# Leak detection equipment



## mialle30 (May 10, 2010)

I'm looking to invest in some leak detection equipment. I would like to get your opinions and advice on what you prefer and why.


----------



## ToUtahNow (Jul 19, 2008)

It all depends on what you are trying to do and what your budget is.

Mark


----------



## ROCKSTARPLUMBER (Dec 14, 2008)

I have had pretty good luck with the Genear.


----------



## mialle30 (May 10, 2010)

ToUtahNow said:


> It all depends on what you are trying to do and what your budget is.
> 
> Mark


slab leaks. budget is around 1500-1700 max.


----------



## ToUtahNow (Jul 19, 2008)

mialle30 said:


> slab leaks. budget is around 1500-1700 max.
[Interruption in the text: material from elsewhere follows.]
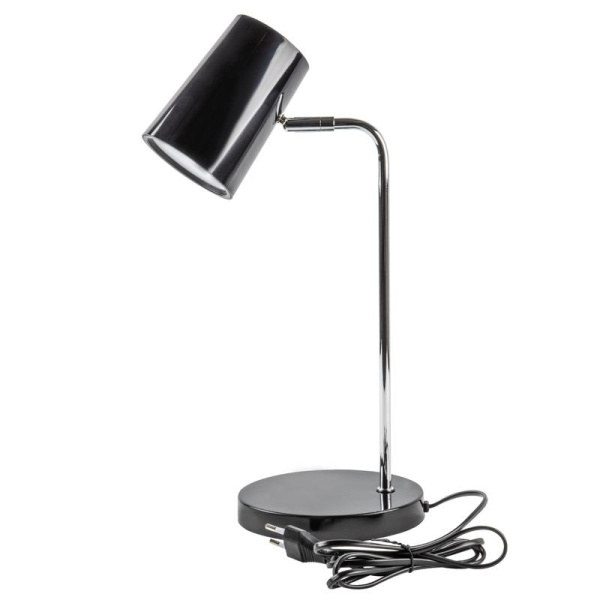 Светильник настольный светодиодный ULM-B600 6W/4500K/DIM BLACK 6Вт сенсорный выкл. диммер черн. ТМ Uniel UL-00010146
Your budget will really limit you to how sophisticated your equipment will be. Assuming you already have a pipe locator I would recommend the Goldak 777-A. It is bare bones but with some work it will do what you need to do. A big part of locating is experience so do not get discouraged on your first few jobs. If you do not have a pipe locator you can still locate the leak but it will take a ton more work.

Mark


----------



## rocksteady (Oct 8, 2008)

I have used a Goldak 777 probably a hundred times and have had good luck with it. It is a no frills unit but for what I needed to do (slab leaks and shallow lines) it worked very well.





Paul


----------